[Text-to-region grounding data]
_ _ _ _

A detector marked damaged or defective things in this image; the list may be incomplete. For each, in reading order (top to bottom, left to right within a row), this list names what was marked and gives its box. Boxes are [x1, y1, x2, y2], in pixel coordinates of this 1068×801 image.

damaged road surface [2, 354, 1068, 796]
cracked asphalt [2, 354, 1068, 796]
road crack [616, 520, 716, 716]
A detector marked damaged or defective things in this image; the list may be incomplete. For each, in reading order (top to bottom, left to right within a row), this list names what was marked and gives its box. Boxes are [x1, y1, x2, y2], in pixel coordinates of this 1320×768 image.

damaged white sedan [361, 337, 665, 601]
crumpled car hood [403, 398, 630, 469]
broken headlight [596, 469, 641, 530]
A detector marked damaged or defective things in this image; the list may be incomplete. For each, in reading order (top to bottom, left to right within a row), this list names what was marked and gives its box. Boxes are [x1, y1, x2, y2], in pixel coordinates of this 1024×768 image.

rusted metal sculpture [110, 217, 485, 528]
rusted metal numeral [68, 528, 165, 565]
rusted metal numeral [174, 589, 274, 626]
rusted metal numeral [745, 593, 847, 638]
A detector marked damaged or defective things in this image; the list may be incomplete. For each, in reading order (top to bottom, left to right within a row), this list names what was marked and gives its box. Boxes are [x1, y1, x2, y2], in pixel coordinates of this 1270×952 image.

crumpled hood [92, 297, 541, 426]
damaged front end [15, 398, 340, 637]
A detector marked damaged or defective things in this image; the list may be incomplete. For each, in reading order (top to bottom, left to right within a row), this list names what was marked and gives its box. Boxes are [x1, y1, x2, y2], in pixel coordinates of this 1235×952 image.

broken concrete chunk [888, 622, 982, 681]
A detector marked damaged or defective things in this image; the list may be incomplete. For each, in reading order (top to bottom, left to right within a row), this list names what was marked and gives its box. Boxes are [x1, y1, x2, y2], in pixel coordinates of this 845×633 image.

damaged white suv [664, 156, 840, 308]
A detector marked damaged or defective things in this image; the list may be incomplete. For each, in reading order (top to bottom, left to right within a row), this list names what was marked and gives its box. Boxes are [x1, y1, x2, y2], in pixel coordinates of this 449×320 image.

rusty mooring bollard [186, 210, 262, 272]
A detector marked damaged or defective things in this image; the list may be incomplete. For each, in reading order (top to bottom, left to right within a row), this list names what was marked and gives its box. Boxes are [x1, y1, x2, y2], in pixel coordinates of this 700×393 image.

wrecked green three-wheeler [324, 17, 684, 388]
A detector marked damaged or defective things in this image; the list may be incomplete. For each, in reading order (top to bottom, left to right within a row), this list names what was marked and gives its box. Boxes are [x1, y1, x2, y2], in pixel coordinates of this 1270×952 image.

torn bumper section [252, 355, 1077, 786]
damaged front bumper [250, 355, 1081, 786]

_ _ _ _

What you should do
Copy the records above exactly, leaving nothing out.

Solved problem
A detector marked damaged or defective things in this image; the list may be incomplete. For each, in reading order (top to bottom, left to right within a row), this list names what was marked and gives its box. Boxes are [x1, y1, x2, y2], in pixel coordinates of this 1068×801 image.

damaged road surface [2, 354, 1068, 796]
cracked asphalt [2, 354, 1068, 796]
road crack [616, 520, 716, 716]
A detector marked damaged or defective things in this image; the list may be incomplete. For each, in reading order (top to bottom, left to right within a row), this list names what was marked and gives its box. Boxes are [x1, y1, x2, y2], in pixel coordinates of this 1320×768 image.

damaged white sedan [361, 337, 665, 601]
crumpled car hood [403, 398, 630, 469]
broken headlight [596, 469, 641, 530]
A detector marked damaged or defective things in this image; the list may be incomplete. For each, in reading order (top to bottom, left to right within a row), this list names what was marked and gives its box. Boxes are [x1, y1, x2, y2], in pixel coordinates of this 1024×768 image.

rusted metal sculpture [110, 217, 485, 528]
rusted metal numeral [68, 528, 165, 565]
rusted metal numeral [174, 589, 274, 626]
rusted metal numeral [745, 593, 847, 638]
A detector marked damaged or defective things in this image; the list may be incomplete. For each, in reading order (top to bottom, left to right within a row), this list names what was marked and gives its box. Boxes are [x1, y1, x2, y2], in pixel coordinates of this 1270×952 image.

crumpled hood [92, 297, 541, 426]
damaged front end [15, 398, 340, 637]
A detector marked damaged or defective things in this image; the list may be incomplete. For each, in reading order (top to bottom, left to right within a row), this list names what was marked and gives its box. Boxes are [x1, y1, x2, y2], in pixel coordinates of this 1235×952 image.

broken concrete chunk [888, 622, 982, 681]
A detector marked damaged or defective things in this image; the list may be incomplete. For each, in reading order (top to bottom, left to right within a row), this list names what was marked and gives its box. Boxes are [x1, y1, x2, y2], in pixel coordinates of this 845×633 image.

damaged white suv [664, 156, 840, 308]
A detector marked damaged or defective things in this image; the list may be incomplete. For each, in reading order (top to bottom, left to right within a row), this list names what was marked and gives its box. Boxes are [x1, y1, x2, y2], in pixel coordinates of this 449×320 image.

rusty mooring bollard [186, 210, 262, 272]
A detector marked damaged or defective things in this image; the list may be incomplete. For each, in reading order (top to bottom, left to right within a row), this list names what was marked and gives its box. Boxes are [x1, y1, x2, y2], in pixel coordinates of this 700×393 image.

wrecked green three-wheeler [324, 17, 684, 388]
A detector marked damaged or defective things in this image; the list may be incomplete. For each, in reading order (top to bottom, left to right within a row), this list names what was marked and gives its box. Boxes are [x1, y1, x2, y2], in pixel coordinates of this 1270×952 image.

torn bumper section [252, 355, 1077, 786]
damaged front bumper [250, 355, 1081, 786]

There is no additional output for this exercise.